Submitted to: Transactions of the ASABE
Publication Type: Peer Reviewed Journal
Publication Acceptance Date: 11/25/2018
Publication Date: 2/13/2019
Citation: Wanger, M., Fox, G., Wilson, G.V., Nieber, J. 2019. Laboratory experiments on the removal of soil plugs during soil piping and internal erosion. Transactions of the ASABE. 62(1):83-93. https://doi.org/10.13031/trans.13092.
DOI: https://doi.org/10.13031/trans.13092

Interpretive Summary: Plugging of soil pipes can result in erosion of hillslopes. A soil pipe becomes plugged when erosion inside the pipe is greater than the ability of the pipe to transport the sediment such as when the side-wall of a soil pipe collapses. When a pipe becomes plugged, a water pressure buildup occurs above the plug. This pressure may be enough to remove the plug, or the pressure may continue to build in the soil which can lead to hillslope failures. Almost no data exists to understand how or when plugs get removed or pressure buildup occurs or how to model these processes. This study involved controlled laboratory experiments to determine pressure buildup above soil plugs and conditions for which a plug is removed. Laboratory experiments were conducted with smooth and rough walled PVC pipes that were 100 cm long and at 0% slope. A pipe plug was established by packing soil inside the pipe.
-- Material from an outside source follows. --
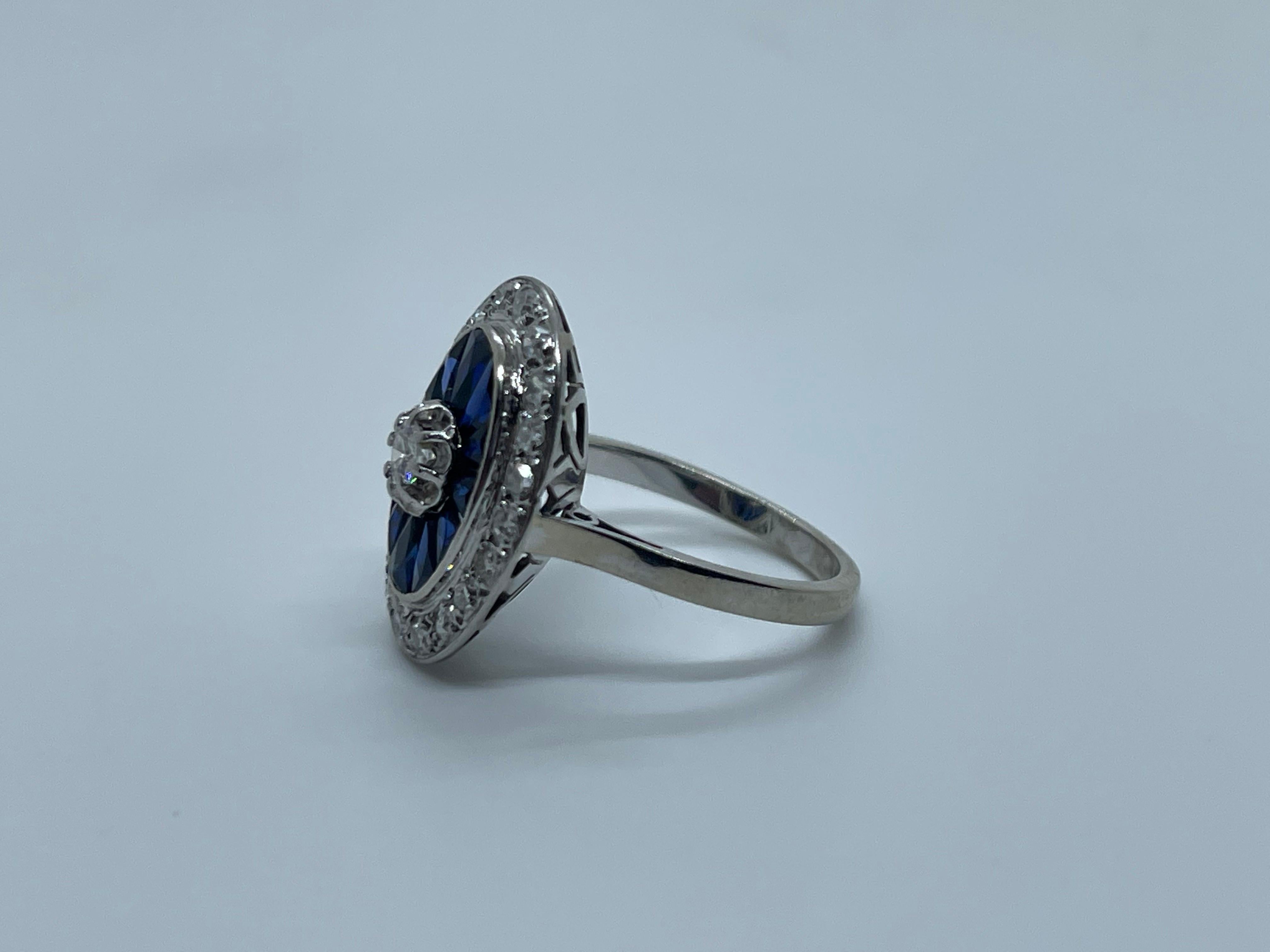 Art Deco Diamond Ceylon Sapphires Ring White Gold 18 Karat In Excellent Condition In Geneva, CH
Experiments were conducted in triplicate with two pipe diameters, two soil types (sand and sandy loam), two plug lengths (3 and 6 cm), three pipe roughness, various packing densities, and with both changing and constant water pressures. Pressure gauges were installed along the pipe to monitor pressures both before and after the plug. The upslope pressure and the length of time that the plug withstood the pressure before removal were recorded. Regardless of time under pressure, all plugs were removed as intact plugs. Some sandy loam plugs withstood pressures of 100 cm of water; more cohesive plugs could withstand much higher pressures. Also, pressurized times exceeded 1000 s for some plug conditions even with short (3 to 6 cm) plugs. Therefore, hillslopes upslope of a plugged soil pipe may experience considerable pressure buildup for extended periods of time. Physical characteristics of plugs are important; for example, the plug’s bulk density had a positive relationship to the duration of pressure on the plug before removal. Soil water content changes inside of the plug will need to be considered as well as the type of condition in which flow was provided into the soil pipe. This experimental data uniquely provides insight into the changes of plugged soil pipes with the eventual goal of developing models to predict erosion within a pipe and hillslope failure.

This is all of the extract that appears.